God Didn’t Ask Gideon to Be Brave First — He Asked Him to Be Available

God Uses the Weak and Available

One of the most liberating truths in all of Scripture is that God does not wait for you to feel ready before He calls you into something significant.

Key Scripture

“When the angel of the Lord appeared to Gideon, he said, ‘The Lord is with you, mighty warrior.'” Judges 6:12

Reflection

When we first meet Gideon, he is not standing on a hill with a sword raised in defiance. He is hiding. He is threshing wheat in a winepress — a place designed for pressing grapes — because he is too afraid to work in the open where the Midianites might see him. By every visible measure, Gideon was a man defined by fear, not courage. And yet, the very first words the angel of the Lord speaks over him are staggering: “The Lord is with you, mighty warrior.”

Notice what God did not say. He did not say, “Once you sort yourself out, I’ll be with you.” He did not say, “Come back when you’re feeling braver.” God greeted Gideon not according to Gideon’s present condition, but according to God’s eternal purpose. This is the breathtaking contrast at the heart of this story — Gideon saw a frightened farmer hiding from his enemies; God saw a mighty warrior ready to lead a nation. One of them was wrong about Gideon’s identity, and it was not God.

We so often disqualify ourselves before God even gets a word in. We rehearse our limitations, our past failures, our lack of education, our anxiety, our ordinariness. Gideon did the same — he replied to God’s call by pointing out that his clan was the weakest in Manasseh and that he was the least in his family (Judges 6:15). His self-assessment was not false humility; he genuinely believed he had nothing to offer. But God was not asking Gideon to bring confidence to the table. He was asking Gideon to show up, to be present, to be available. Availability, it turns out, is the raw material God loves to work with.

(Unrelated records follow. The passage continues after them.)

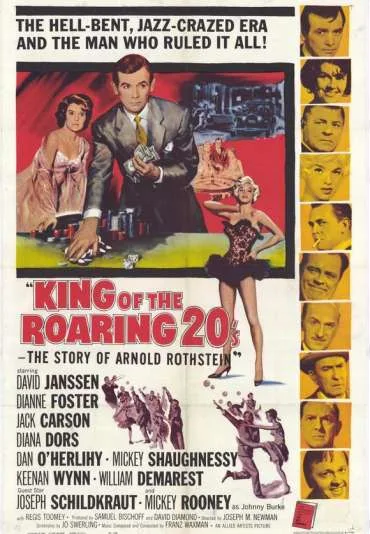 King of the Roaring 20's: The Story of Arnold Rothstein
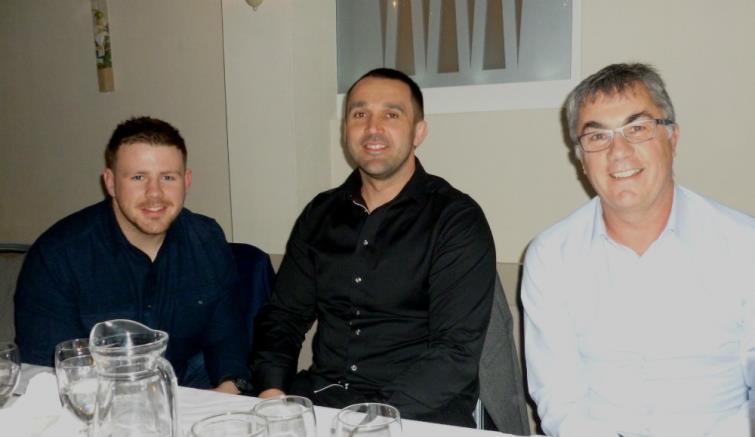 Rob Evans, Jonathan Thomas, Geraint John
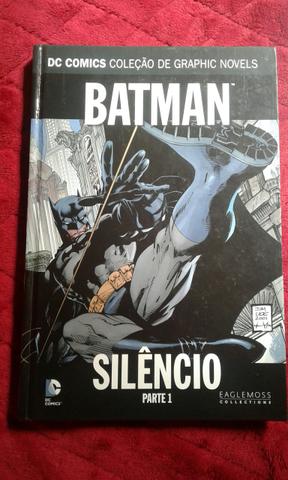 Livro: Batman - Silêncio Parte 1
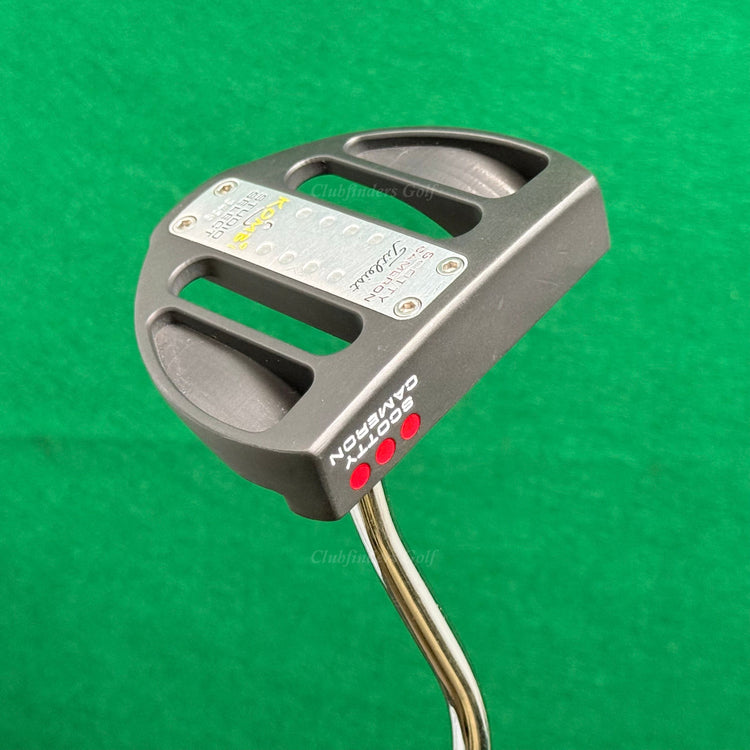 Scotty Cameron Studio Select Kombi S 35" DB Putter Golf Club w/HC CUSTOM *READ*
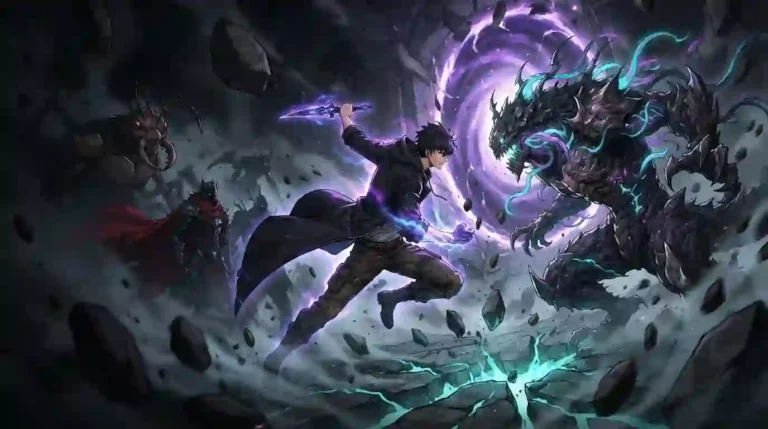 solo leveling ragnarok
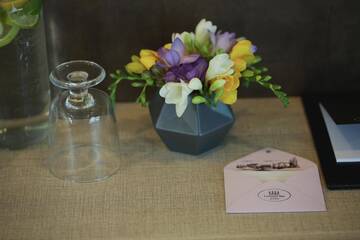 Фото номера Люкс с видом на озеро Гостевой дом Lavender Inn Guest House г. Viešvėnai 5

Jesus himself chose fishermen, tax collectors, and doubters to carry the gospel to the world. He has always been drawn to people who know they cannot do it on their own, because those are precisely the people who learn to depend entirely on Him. If you are sitting in your own winepress today — hiding, doubting, feeling wholly unqualified — hear this: God is not put off by your weakness. He is not waiting for you to become someone else. He is calling you as you are, speaking over you a name you have not yet fully believed, and asking only that you make yourself available to what He is already doing.

Prayer

Lord, I confess that I have often looked at myself the way Gideon did — through the lens of my weakness, my past, and my fears. I have told myself I am too small, too broken, too ordinary to be used by You in any meaningful way. But Your Word shows me that You see me differently. Thank You for calling me before I was ready, for speaking identity over me before I had earned it. Today, I choose to stop hiding and simply make myself available to You. I do not bring confidence or great ability — I bring only a willing heart. Use that, Lord. Do what only You can do, and may all the glory return to Your name. Amen.

Today’s Action Step

Write down one thing you have been putting off because you feel unqualified or afraid — a conversation, a step of obedience, an act of service. Then, in prayer, offer it to God today and ask Him to show up in your weakness. You do not need to feel brave first; you just need to be available.